Problem —
Reproduce nothing but the lines from the one with "It's a dark pink sport bra size small" down to the last line of the data below.
[Dataset excerpt Boundary: Start]
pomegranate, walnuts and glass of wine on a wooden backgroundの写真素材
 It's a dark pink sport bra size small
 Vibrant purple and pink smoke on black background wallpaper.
[Dataset excerpt Boundary: End]
Reply to the task —
 It's a dark pink sport bra size small
 Vibrant purple and pink smoke on black background wallpaper.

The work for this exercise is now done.